PROBLEM => Please repeat each line below exactly, with no images in the copy.

** Opening SUPPLIED RECORDS block **

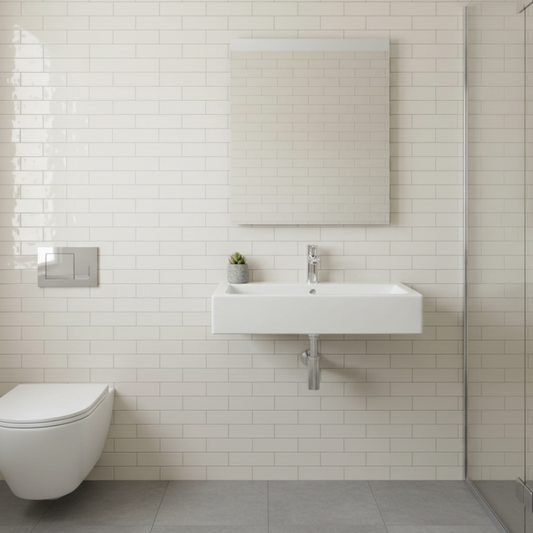 Camden Ceramic Gloss Blanco Wall Tile 200mm x 100mm (50 per Box)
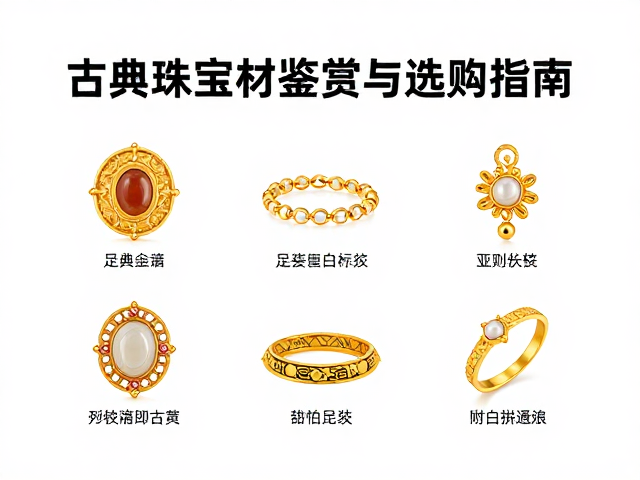 足金复古宫廷风，古典珠宝主材鉴赏与选购指南
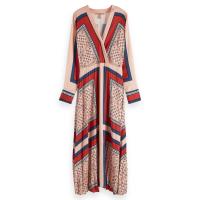 Maison Scotch Damen Kleid Pleated Midi Dress 154274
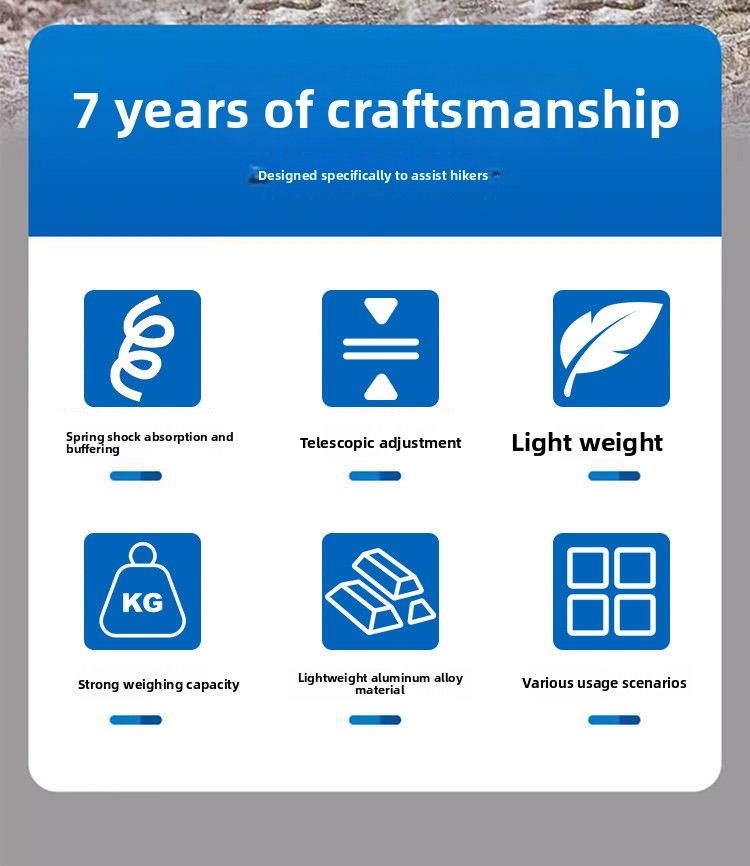 Jiangfenfa Outdoor Trekking Poles Adjustable Telescopic Walking Sticks For Hiking And Backpacking Straight Handle_voghion.com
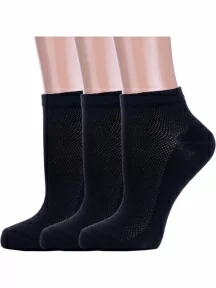 Комплект из 3 пар детских носков Альтаир, 3-Д82, ЧЕРНЫЕ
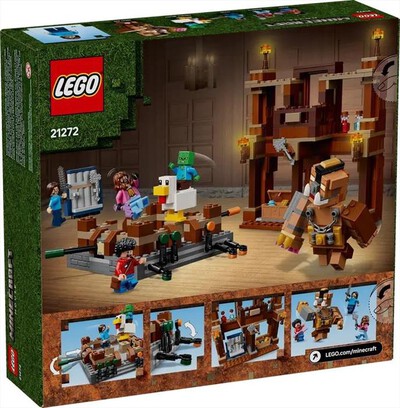 LEGO - MINECRAFT Magione foresta:ring combattimento-21272-Multicolore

** Closing SUPPLIED RECORDS block **

OUTPUT BELOW =>
 Camden Ceramic Gloss Blanco Wall Tile 200mm x 100mm (50 per Box)
 足金复古宫廷风，古典珠宝主材鉴赏与选购指南
 Maison Scotch Damen Kleid Pleated Midi Dress 154274
 Jiangfenfa Outdoor Trekking Poles Adjustable Telescopic Walking Sticks For Hiking And Backpacking Straight Handle_voghion.com
 Комплект из 3 пар детских носков Альтаир, 3-Д82, ЧЕРНЫЕ
 LEGO - MINECRAFT Magione foresta:ring combattimento-21272-Multicolore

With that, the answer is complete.